Additives may be added in addition to the main component. It may contain residual chlorine used as tap water, and it is also desirable to add colorants, penetrants, pH adjusters, preservatives such as phenoxyethanol, anti-drying agents such as glycerin, and the like. Furthermore, since water is used as a component in inks used in ink-jet printers and inks used in water-based pens, this may be used for "liquid application."

Not limited to the specific ones listed here, even hypochlorous acid water, ethanol aqueous solution diluted for disinfection, etc. in a broad sense will work, but even if it is only for the purpose of functioning as crimp binding. Tap water, which is easy to obtain and manage, should be used. As the liquid, using a liquid containing water as a main component as exemplified above can improve the binding strength of the sheet bundle Pb more than using a liquid containing no water as a main component.
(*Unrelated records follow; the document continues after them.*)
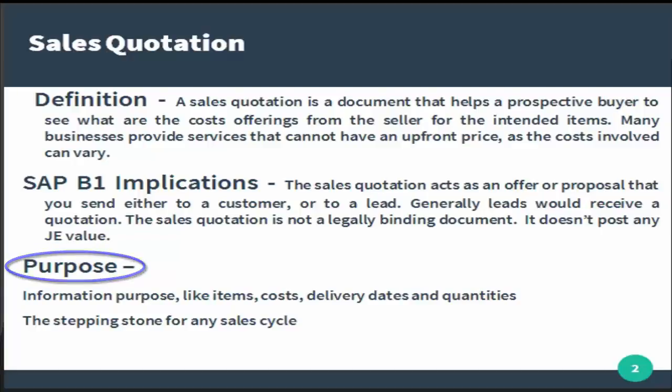What are the purposes of the sales quotation? It is mainly for information purposes like the items that the customer wants, what are the costs, what are the delivery dates that you are committing, and what are the quantities that the customer is asking for. It can be called the stepping stone for any sales cycle.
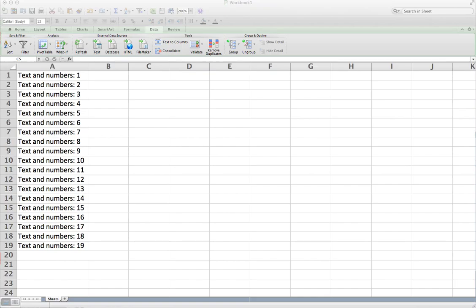Hello everyone. Last week I got a question about how to separate numbers from text in data so that you can use the numbers for analysis. It was actually on a MATLAB video, but Excel has a really easy to use feature for separating text from numbers in your data. I'm going to show you how to use that here real quick.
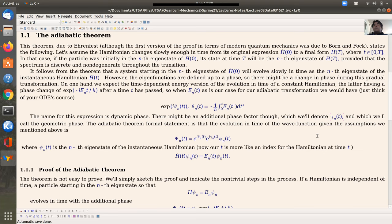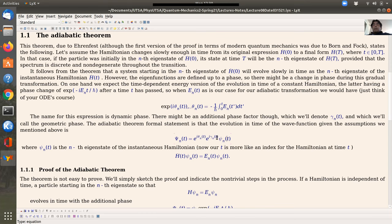The formal statement of the adiabatic theorem is that the evolution in time of the wave function, given all the assumptions mentioned, is given by the n-th eigenstate of the instantaneous Hamiltonian — where t is thought of as an index — times the dynamic phase factor, which accounts for the time-dependent energy evolution, and then a gamma factor accounting for the differences beyond the dynamic phase. This is the wave function Ψ_n, the eigenstate of the instantaneous Hamiltonian h(t), with eigenvalue E_n(t).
As shown in FIGS. 3 and 4, the liquid applying means 31 includes a lower pressing plate 33 as a mounting table for the paper P or the paper bundle Pb, an upper pressing plate 34, a liquid applying portion moving mechanism 35, and a liquid applying mechanism. 36. Components of the liquid applying means 31 (the lower pressing plate 33, the upper pressing plate 34, the liquid applying portion moving mechanism 35, and the liquid applying mechanism 36) are held by the liquid applying frame 31a and the base member .
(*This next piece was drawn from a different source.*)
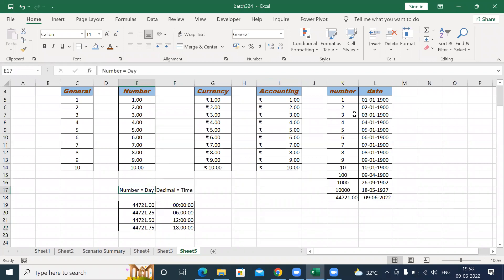A number can be converted to a date. The days are calculated from 1900, and the time is calculated using the decimal portion of the number. This is how Excel calculates your days and time.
The lower pressing plate 33 and the upper pressing plate 34 are arranged downstream of the inner tray 22 in the conveying direction. The lower pressing plate 33 supports the sheet P or the sheet bundle Pb placed on the internal tray 22 from below. The lower pressing plate 33 is provided on the lower pressing plate holder 331 . The upper pressing plate 34 is configured to move (up and down) in the thickness direction of the paper P above the paper P or the paper bundle Pbb placed on the internal tray 22 . That is, the lower pressing plate 33 and the upper pressing plate 34 sandwich the paper P or the paper bundle Pb placed on the internal tray 22 in the thickness direction of the paper P or the paper bundle Pb (hereinafter simply referred to as the “thickness direction”). ) are placed facing each other. Further, the upper pressing plate 34 is formed with a through hole 34 a penetrating in the thickness direction at a position facing the tip of the liquid applying member 44 attached to the base plate 40 .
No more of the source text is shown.